Buenos Aires 1977 est l’adaptation du récit authentique d’un jeune Argentin sans histoires victime de la dictature militaire de l’époque : enlevé par les services spéciaux, accusé à tort de subversion, séquestré et torturé pendant quatre mois, il finit par s’évader avec trois codétenus. Le réalisateur se livre moins à une reconstitution historique qu’à un exercice de mise en scène — sous références — de la pression exercée sur les prisonniers et de leur quête de liberté.
Si le titre français évoque bien fadement une rencontre avec l’histoire, le titre original, « Chronique d’une évasion », résume mieux les ambitions du film, lesquelles ont moins à voir avec la reconstitution d’une époque ou la dénonciation d’un régime qu’avec la mise en scène d’un emprisonnement et d’une fuite suivant les conventions d’un genre déjà bien exploré. Les pistes de réflexion historique et politique ouvertes par le film sont d’ailleurs assez floues, flirtant même avec le douteux. Jouant plutôt efficacement sur un suspense basique de whodunit propre à refléter le climat paranoïaque cultivé par la dictature (qui des prisonniers est un guerillero ? qui est un traître ?), Caetano, ce faisant, ne passe pas loin d’imputer aux opposants au régime les souffrances que celui-ci inflige aux citoyens passifs…
« Un peu de tout »
Ces réserves sur le fond restent tout de même marginales, tant le cinéaste porte son intérêt sur la mise en scène de la tension, de la violence et des espoirs qui affleurent dans cette maison bourgeoise devenue une sinistre prison. Les faits historiques restent ici un décor pour un film de prison dont la principale originalité reste l’atmosphère de suspicion instillée par la traque des activistes, réels ou inventés, par les autorités. Or si Caetano ne manque pas d’idées sur le papier (entre autres l’esquisse d’un travail sur le huis clos par le cadrage et l’emploi des focales, dans un environnement terne et rugueux), la manière dont il se rabat régulièrement sur des conventions de mise en scène empruntées à des genres voisins de son film laisse pour le moins perplexe. On trouve tellement de clichés formels que le long-métrage, devenu presque un festival sans s’en rendre compte, menace souvent de basculer dans le n’importe quoi pas vraiment assumé. Il y a un peu de tout : du film d’horreur (cadrages obliques de la maison de séquestration pour en faire une entité inquiétante), du polar à l’américaine (les interventions des services spéciaux évoquant irrésistiblement Starsky et Hutch), du film d’évasion à l’ancienne (petits roulements de tambours pendant que les prisonniers ourdissent leurs plans), etc.

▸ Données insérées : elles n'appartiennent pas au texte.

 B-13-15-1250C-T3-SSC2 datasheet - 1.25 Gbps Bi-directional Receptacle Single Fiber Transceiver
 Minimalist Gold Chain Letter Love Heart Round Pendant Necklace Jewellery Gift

S’il fallait voir un bon côté dans cette profusion de figures connues distribuées d’une main lourde, c’est la preuve que Caetano ne manque pas complètement d’idées, telle la mise en valeur de la demeure-prison comme un personnage à part. Dommage que tout en prétendant accomplir sérieusement sa tâche, il mène son récit avec un manque de subtilité qui confine parfois à la négligence coupable, à l’image des dérisoires instants de suspense qu’il ménage (comme lorsqu’un prisonnier demande des fourchettes pour manger…).

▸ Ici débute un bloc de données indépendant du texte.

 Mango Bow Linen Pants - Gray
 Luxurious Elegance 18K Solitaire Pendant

C’est avec perplexité qu’on se souvient de L’Ours rouge, polar social réalisé par le même Caetano en 2002. Marchant lui aussi sur un terrain balisé au possible, il faisait pourtant mine d’anticiper les clichés du genre, les expédiant sans cérémonie pour acquérir une sobriété bienvenue. En se dispensant du même recul, Buenos Aires 1977, sans être vraiment désagréable, se limite de lui-même aux frontières de l’anecdotique, à une expérience peu enthousiasmante de rencontre entre regard sur l’histoire et conventions du cinéma de genre.